**REQUIREMENT**
From the top of the entries, reproduce each line exactly, stopping after the line that contains "PharmaHorse Proteïne Booster PharmaHorse". Omit pictures.

MATERIAL SHOWN Block Start

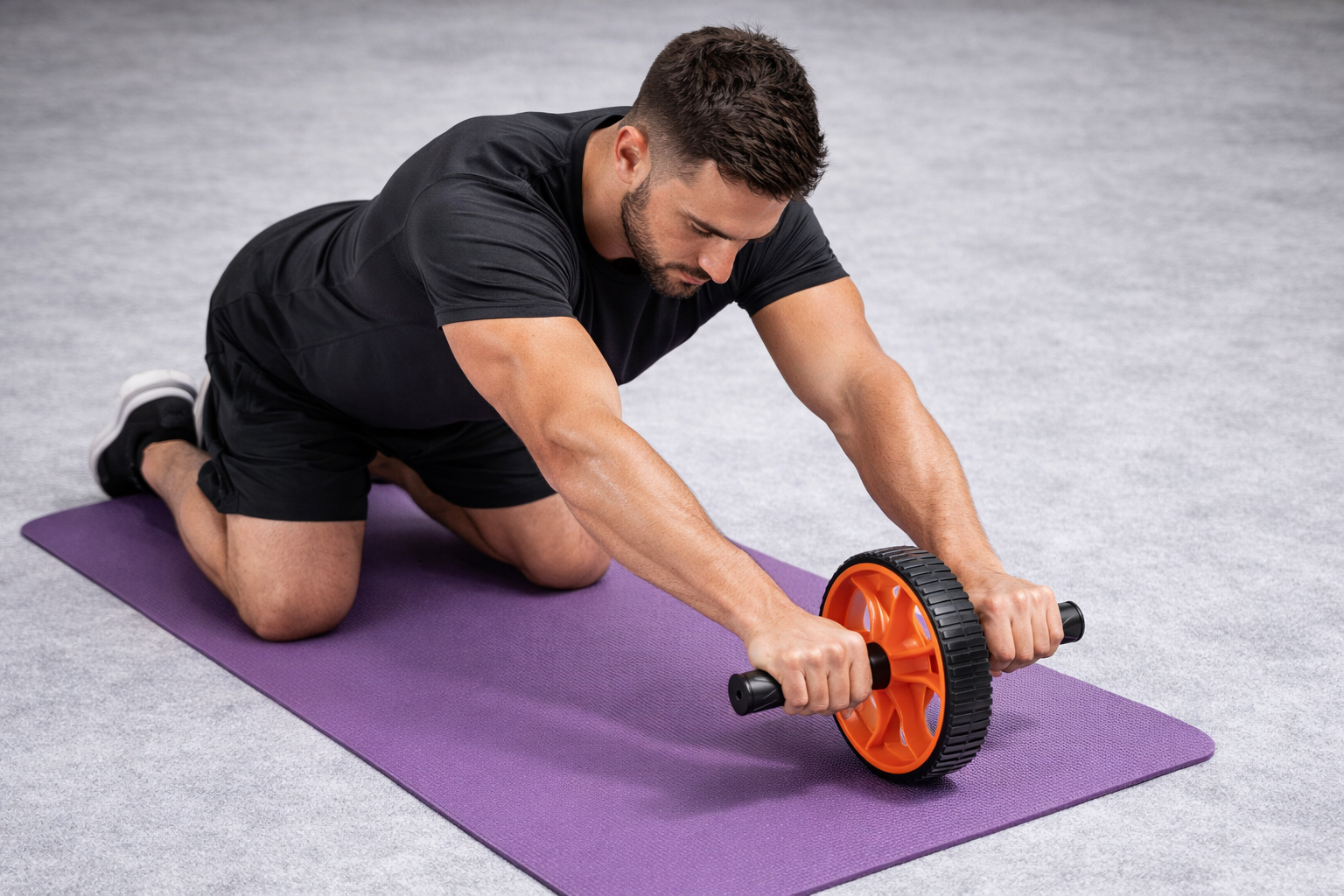 Ab Roller Wheel – عجلة تمارين البطن لشد الكرش وتقوية الجسم كامل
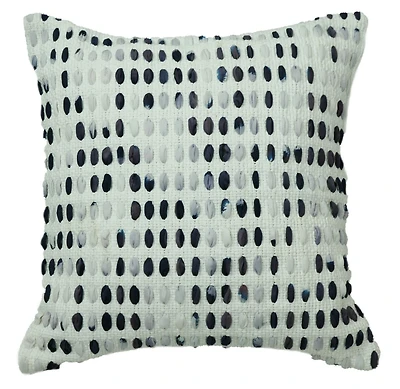 Coussin décoratif Ivory Park à rubans violet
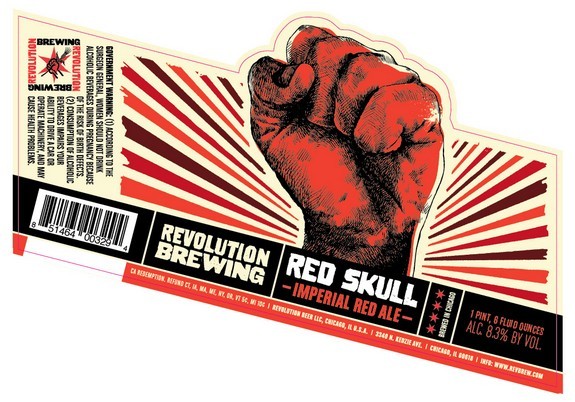 Revolution Red Skull beer Label Full Size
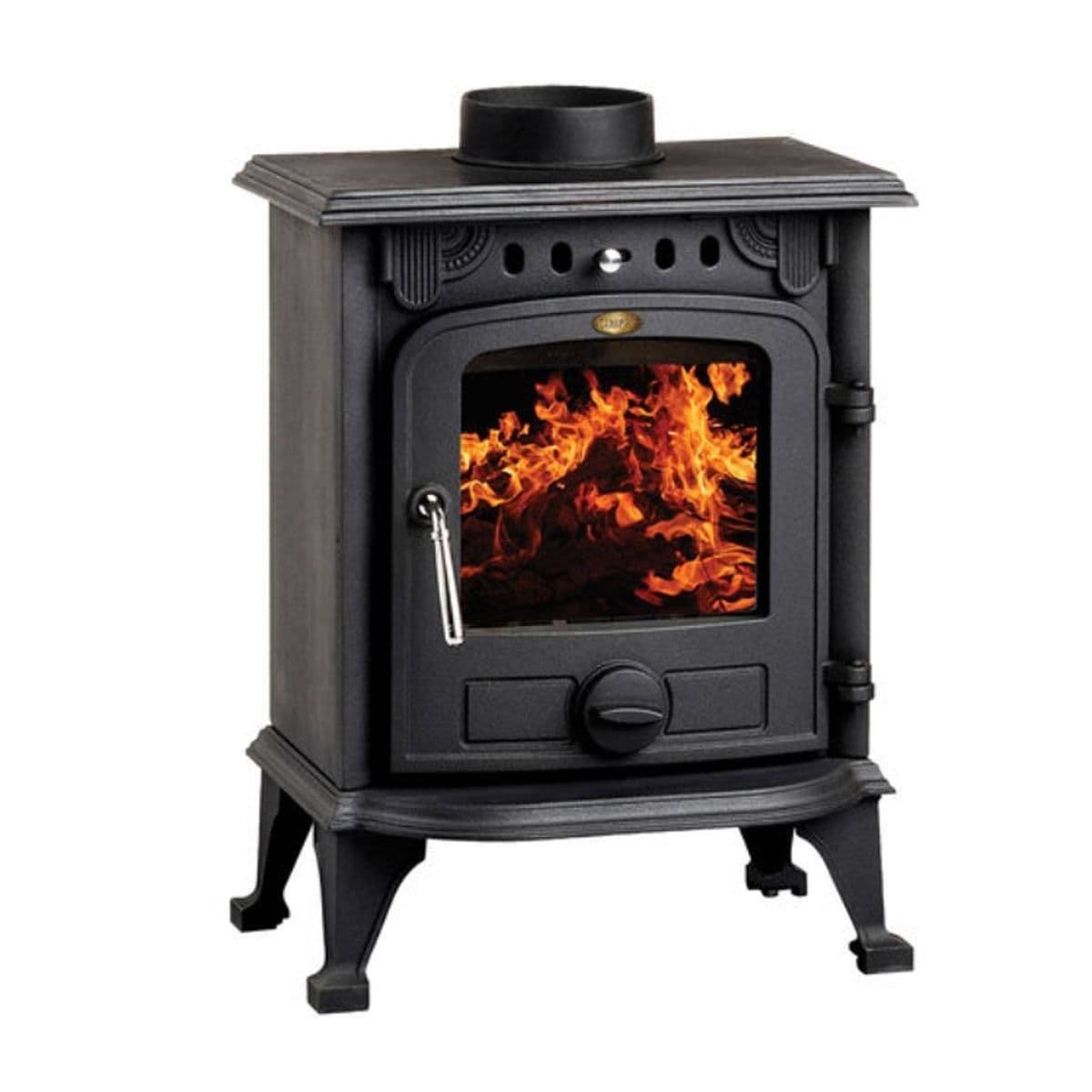 clarke-6910134-buckingham-ii-black-cast-iron-wood-burning-stove-5kw-18000btu-16306-1-p_26dcfdbc-7e39-4950-bb0f-e575dc366017.jpg Clarke 6910134 Buckingham II Black Cast Iron Wood Burning Stove 5Kw/18000Btu - Image 1
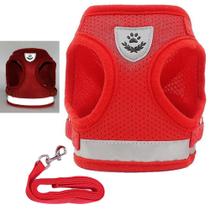 Peitoral Guia Cachorro Cao Gato Pet Colete Faixa Refletiva Coleira Animal de Estimaçao Conforto Lazer Resistente Passeio Segurança Peitoral Guia Cachorro Cao Gato Pet Colete Faixa Refletiva Coleira Animal de Estimaçao Conforto Lazer Resistente Passeio Segurança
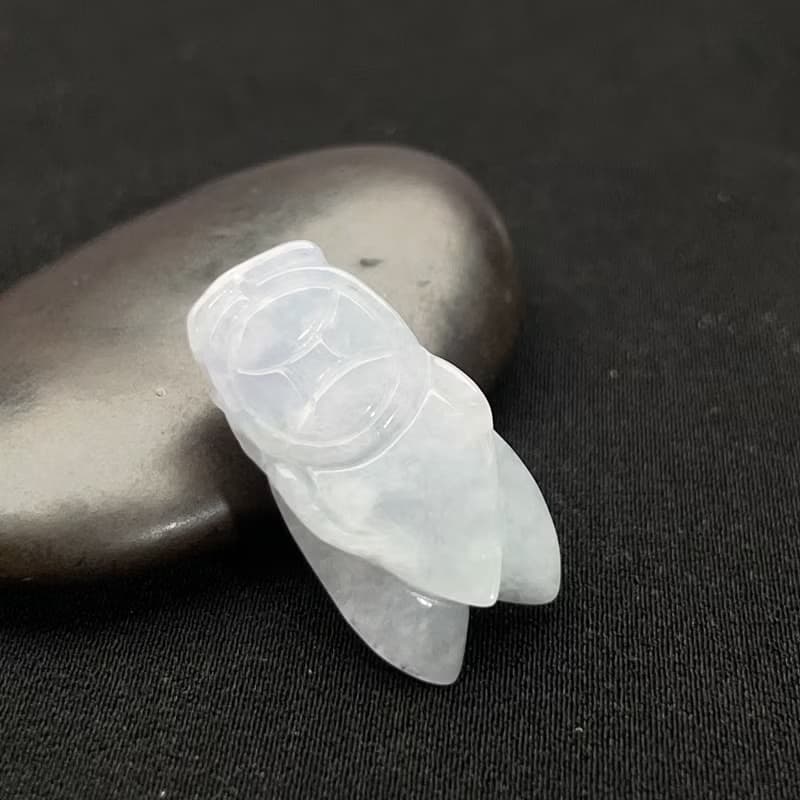 【一鳴驚人】冰種翡翠蟬吊飾 | 天然緬甸玉翡翠A貨 | 送禮
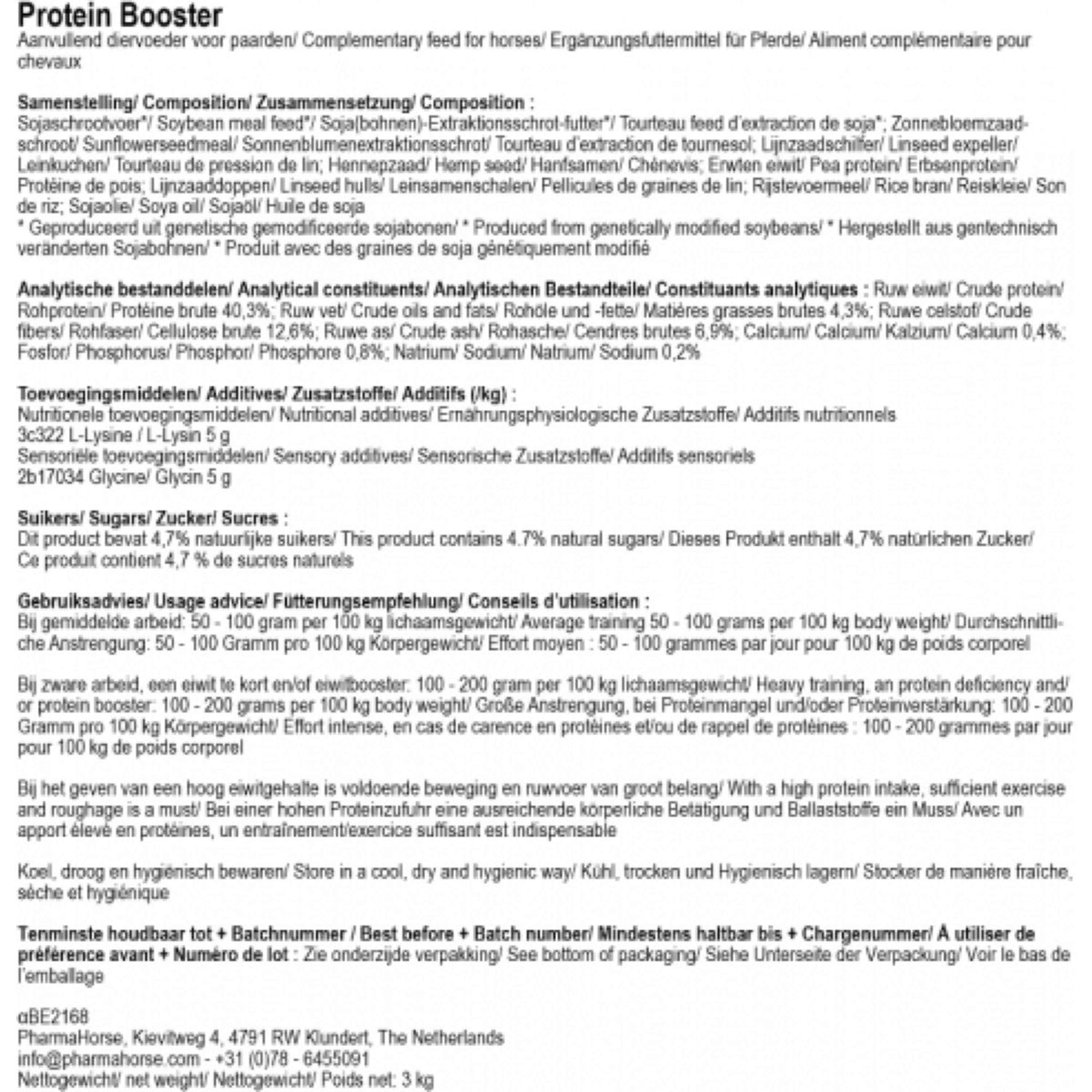 PharmaHorse Proteïne Booster PharmaHorse Proteïne Booster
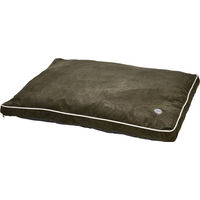 Produktbild von Bobby Hundekissen Ollie Kaki Velours 120 x 80 cm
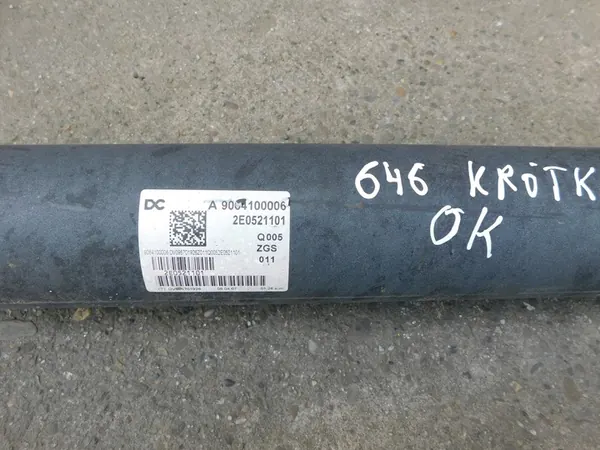 Mercedes Sprinter 906 2.2 CDI Drive Shaft Short A9064100006 image 5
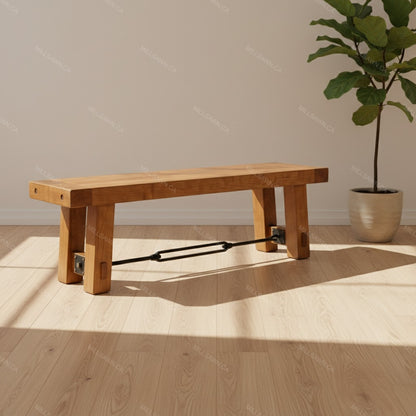 Benchmark Solid Wood Bench With Turnbuckle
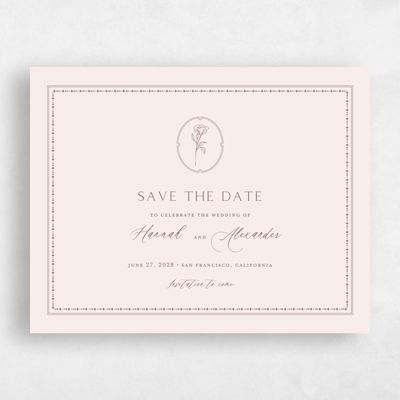 Acorn, Brown Wedding Save the Date - Piran Landscape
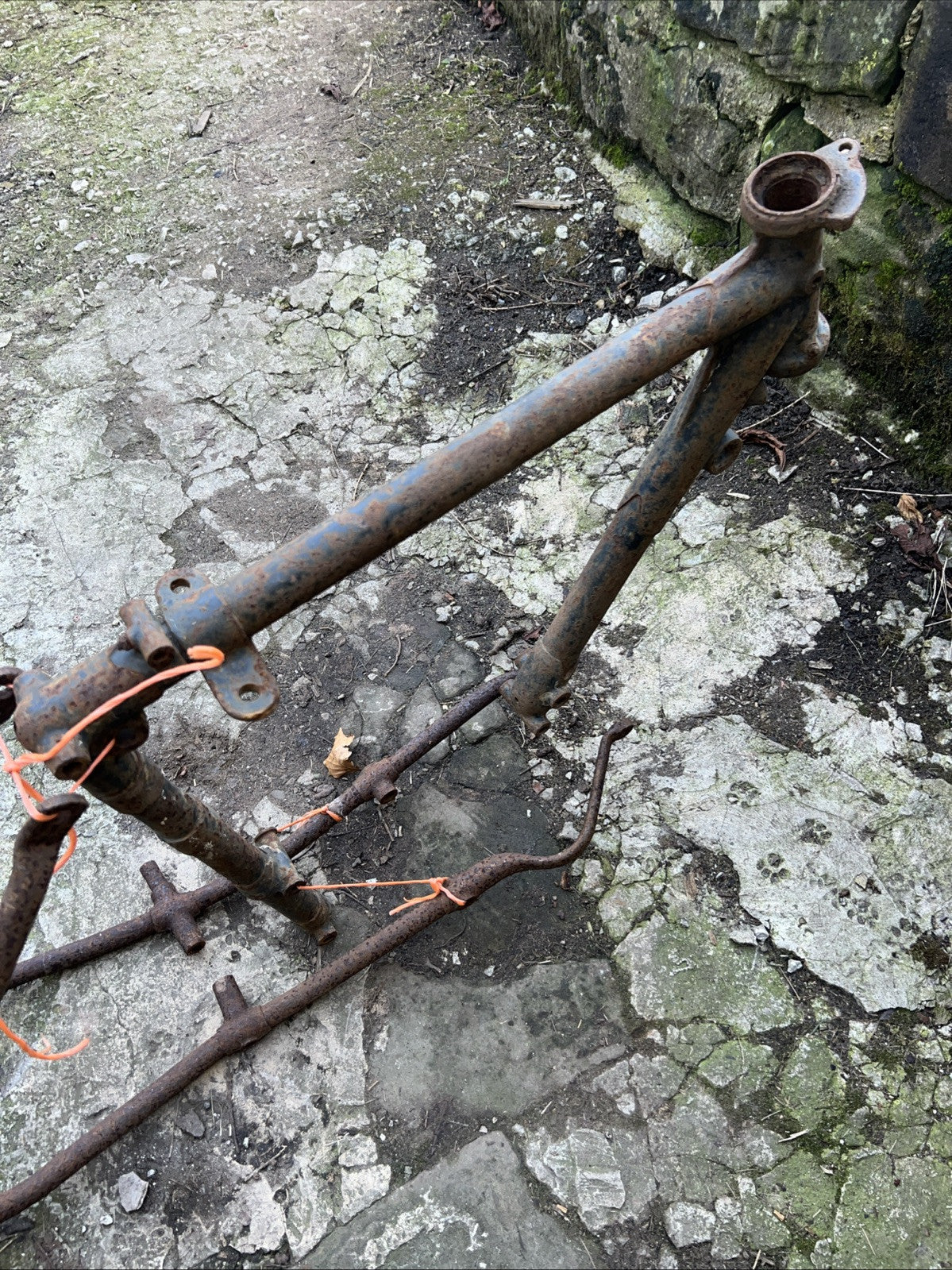 BSA M20 Frame Springer Front And Rear Frame BM20 S 12314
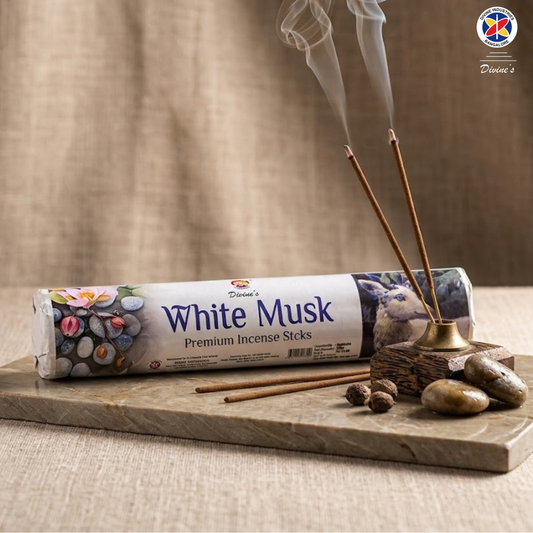 Divine's White Musk Roll Form Incense Sticks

MATERIAL SHOWN Block End

**ANSWER TO THE EXERCISE**
 Ab Roller Wheel – عجلة تمارين البطن لشد الكرش وتقوية الجسم كامل
 Coussin décoratif Ivory Park à rubans violet
 Revolution Red Skull beer Label Full Size
 clarke-6910134-buckingham-ii-black-cast-iron-wood-burning-stove-5kw-18000btu-16306-1-p_26dcfdbc-7e39-4950-bb0f-e575dc366017.jpg Clarke 6910134 Buckingham II Black Cast Iron Wood Burning Stove 5Kw/18000Btu - Image 1
 Peitoral Guia Cachorro Cao Gato Pet Colete Faixa Refletiva Coleira Animal de Estimaçao Conforto Lazer Resistente Passeio Segurança Peitoral Guia Cachorro Cao Gato Pet Colete Faixa Refletiva Coleira Animal de Estimaçao Conforto Lazer Resistente Passeio Segurança
 【一鳴驚人】冰種翡翠蟬吊飾 | 天然緬甸玉翡翠A貨 | 送禮
 PharmaHorse Proteïne Booster PharmaHorse Proteïne Booster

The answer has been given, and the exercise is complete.